6. The system recited in claim 5, wherein the closed caption data is ignored if the closed caption data comprises parity data.

7. The system recited in claim 1, wherein the analog video encoder is adapted to combine video data received from a display processor with the current frame of closed caption data, the next frame of closed caption data and the frame-after-next-frame of closed caption data to produce the analog video signal.

8. The system recited in claim 1, wherein the current frame of closed caption data, the next frame of closed caption data and the frame-after-next-frame of closed caption data each comprise two bytes of data.

9. A method of processing closed caption data, comprising:

receiving a frame of closed caption data;

storing the frame of closed caption data as a current frame of closed caption data in a first buffer if the first buffer is not full;

storing the frame of closed caption data as a next frame of closed caption data in a second buffer if the first buffer is full;

storing the frame of closed caption data as a frame-after-next-frame of closed caption data in a third buffer if the first buffer and the second buffer are full; and

encoding closed caption data from the first buffer, the second buffer and the third buffer into an analog video signal.

10. The method recited in claim 9, comprising deriving the frame of closed caption data from an MPEG2 video stream.

11. The method recited in claim 9, wherein the act of encoding the closed caption data comprises formatting the closed caption data according to an EIA 608 standard.

12. The method recited in claim 9, comprising determining if the closed caption data may be ignored if the first buffer and the second buffer are full.

13. The method recited in claim 12, comprising ignoring the closed caption data if the closed caption data comprises parity data.

14. The method recited in claim 9, comprising combining video data with the current frame of closed caption data, the next frame of closed caption data and the frame-after-next-frame of closed caption data to produce the analog video signal.

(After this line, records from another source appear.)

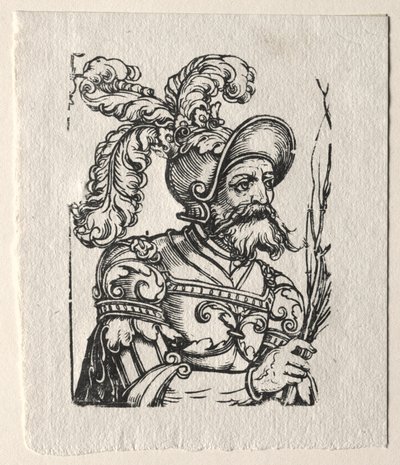 Tyrani Starého zákona: Saul od Georg Pencz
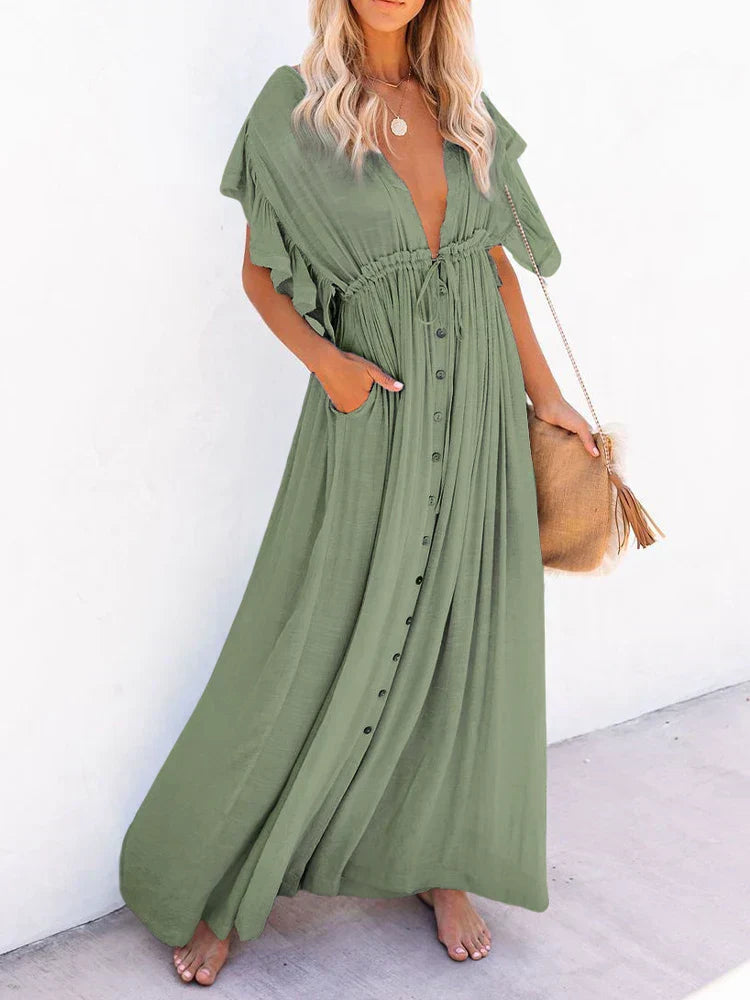 Robe décontractée Boho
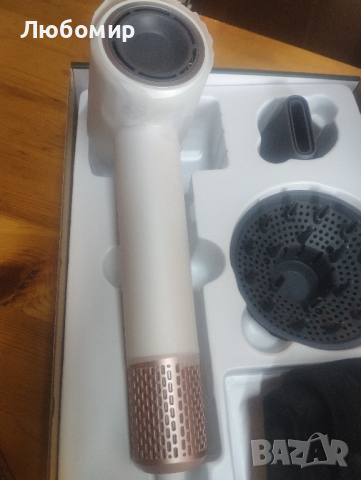 Йонен сешоар, професионален високоскоростен сешоар с безчетков мотор за бързо изсушаване, снимка 6 - Сешоари - 44742252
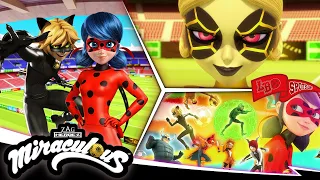 MIRACULOUS | ⚽🏆 FOOTBALL SPECIAL 🐞 | Tales of Ladybug & Cat Noir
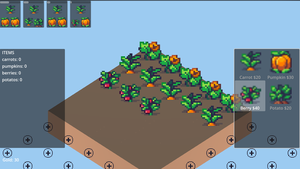 Farming Clicker game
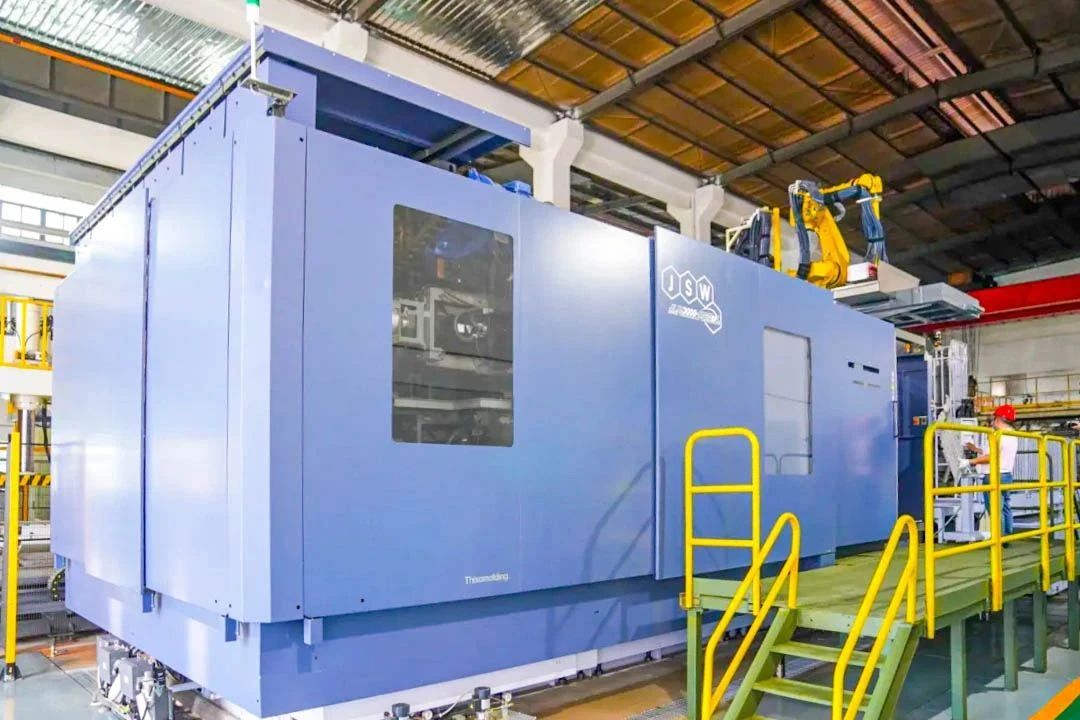 乐发500科技：华南首台3000吨镁合金半固态触变成型机即将投产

15. The method recited in claim 9, wherein the recited acts are performed in the recited order.

16. A television system, comprising:

a tuner that is adapted to receive a communication signal and create an MPEG transport stream based on the communication signal;

a transport stream demultiplexor that is adapted to receive the MPEG transport stream and create a packet element stream based on the MPEG transport stream;

a video packet buffer that is adapted to receive the packet element stream and create an MPEG video output based on the packet element stream;

an MPEG video decoder that is adapted to receive the MPEG video output and create a video data stream and a user data stream based on the MPEG video output;

a user data parser that is adapted to receive the user data stream, the user data parser including a first buffer adapted to store a current frame of closed caption data from the user data stream if the first buffer is not full, a second buffer adapted to store a next frame of closed caption data from the user data stream if the first buffer is full, and a third buffer adapted to store a frame-after-next-frame of closed caption data from the user data stream if the first buffer and the second buffer are full;

a display processor that is adapted to receive the MPEG video stream and provide a video output based on the MPEG video stream; and

an analog video encoder adapted to receive the video output from the display processor and to encode the video output with closed caption data from the first buffer, the second buffer and the third buffer into an analog video signal.

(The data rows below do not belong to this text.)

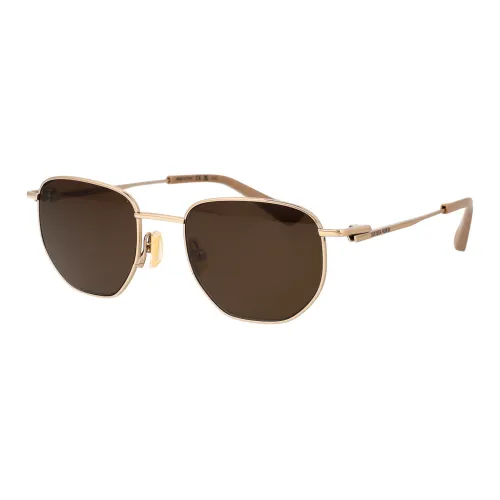 Bottega Veneta , Stylish Sunglasses Bv1301S ,Yellow unisex, Sizes:
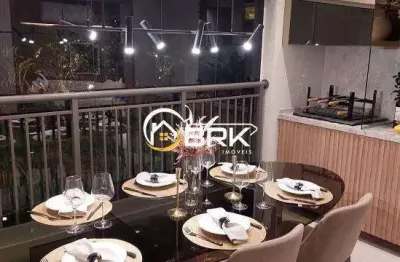 Apartamento à venda, 2 quartos, sendo 1 suíte, 1 vaga, mooca - são paulo/sp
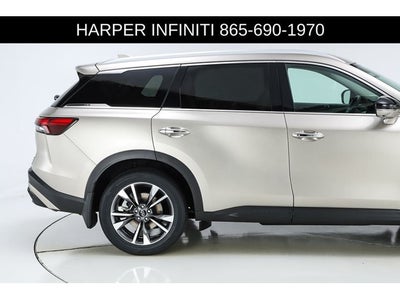 2023 INFINITI QX60 LUXE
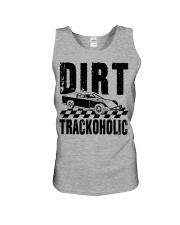 Dirt Track Racing Dirt Trackoholic Unisex Tank tile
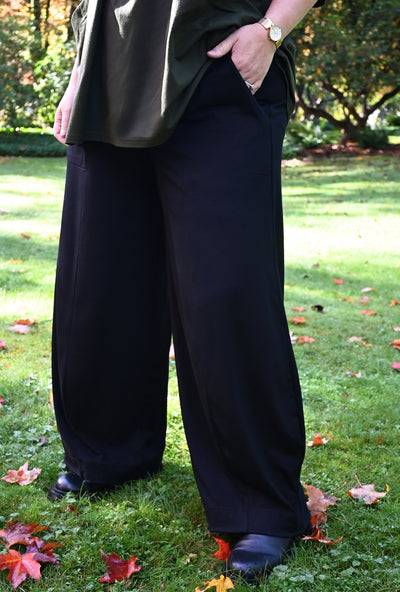 Apex Pant - Black Bamboo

17. The television system recited in claim 16, wherein the closed caption data encoded into the analog video stream complies with an EIA 608 standard.

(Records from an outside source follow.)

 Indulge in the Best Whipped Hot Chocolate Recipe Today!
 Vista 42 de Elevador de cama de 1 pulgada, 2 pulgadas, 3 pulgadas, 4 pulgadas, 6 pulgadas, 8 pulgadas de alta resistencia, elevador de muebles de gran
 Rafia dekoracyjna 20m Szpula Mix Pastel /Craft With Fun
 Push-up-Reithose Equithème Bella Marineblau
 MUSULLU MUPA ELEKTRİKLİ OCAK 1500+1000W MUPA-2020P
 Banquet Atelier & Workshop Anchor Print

18. The television system recited in claim 17, wherein the user data parser is adapted to determine if closed caption data may be ignored if the first buffer and the second buffer are full.

19. The television system recited in claim 18, wherein the closed caption data is ignored if the closed caption data comprises parity data.

20. The television system recited in claim 16, wherein the current frame of closed caption data, the next frame of closed caption data and the frame-after-next-frame of closed caption data each comprise two bytes of data.